Wrong. MacBooks have a battery circuitry that draws power directly from the AC lines once when connected to power outlets. Its a general advise though to cycle your battery once a month, so that the calibrating circuit can accurately predict the battery level.

• Kr00

2009 17″ MBP, 1222 cycle count. Still runs great. 4 hours of battery life atm.

• Jeff Critchley

1065 charges / condition normal – great battery!

• This Guy

I use Coconut Battery. Puts a neat little widget on the top bar, which I have set to display charge level, rate of charge/discharge and battery temperature.

• Alfred Stephen

I didn’t know it was so simple to check the cycle count. I usually used Coconut Battery app to check the actual battery capacity against the designed capacity.

• pzp1997

A great app to keep track of your load cycles and the general health of your battery is coconutBattery. It gives you more detailed stats than System Report and allows you to “log your load cycles” so you can keep track of how much you are using your computer over a certain period of time.

• butterfield

Mid ’11 Macbook Air. 472 cycles. Condition normal…..although, when I upgraded to Yosemite only recently, I noticed battery life worsened considerably.

• TBJ

late 2015 15″ pro had it 7 months with 438 cycles

• Jillyjiggs

Is it possible for the charge cycle count to be wrong? I recently had a battery replaced on my Mid-2012 Retina Display Macbook Pro and the charge cycle was 164 when I got it back from the shop!

• surfyogi

Great article, very informative, as are the comments section as well. For me, this is my experience:
a) Purchased Apple Refurb Late 2013 model in mid-2014.
b) by early 2017, I show 210 cycles of my battery. So that is something like 2.5 years usage? But maybe as much as 3 years, it’s a refurb from 2013.
c) Battery holds a great charge still. I don’t use the battery that much, as this is my home machine. 1 time per week, I use the battery and let it discharge, before putting it back on the charger. Most of the time, it is on the charger though.

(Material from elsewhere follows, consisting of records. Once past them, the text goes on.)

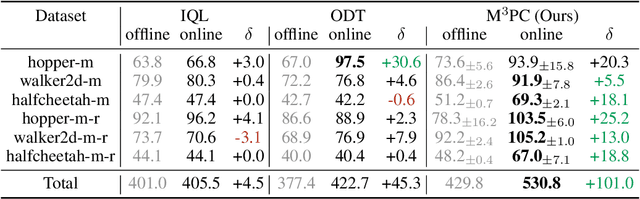 Figure 4 for M$^3$PC: Test-time Model Predictive Control for Pretrained Masked Trajectory Model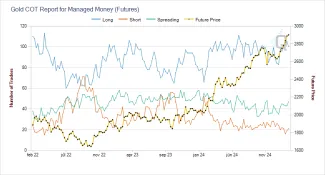 Vývoj futures kontraktov
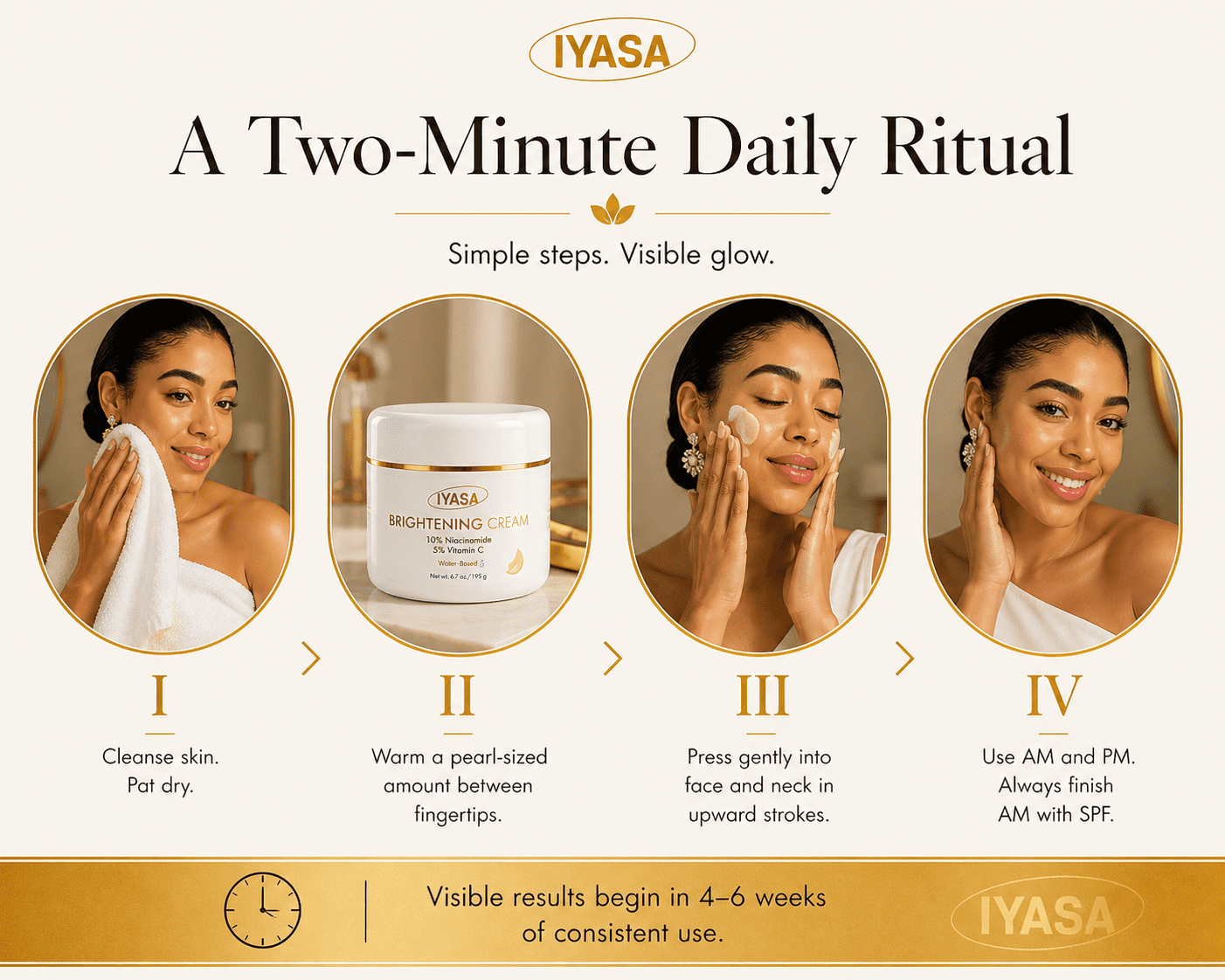 IYASA Brightening Cream for Face & Body, 5% Vitamin C & 10% Niacinamide, Water-Based Moisturizer Evens Tone & Revives Dull Skin, Clean, Vegan, Cruelty-Free, Sensitive Skin-Safe, 16 oz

This machine might have many more cycles on it, if I was taking it from home to work every day, but this machine is home-only usage, for personal use. As such, it’s 3-4 years old and barely has a scratch on it. However, I do need to learn how to take it apart, and clean it, clean the keyboard and touchpad… as a part of regular maint.
This aspect of owning this machine seems to be the LEAST WELL DOCUMENTED aspect of this machine. Just keeping it CLEAN AND WORKING!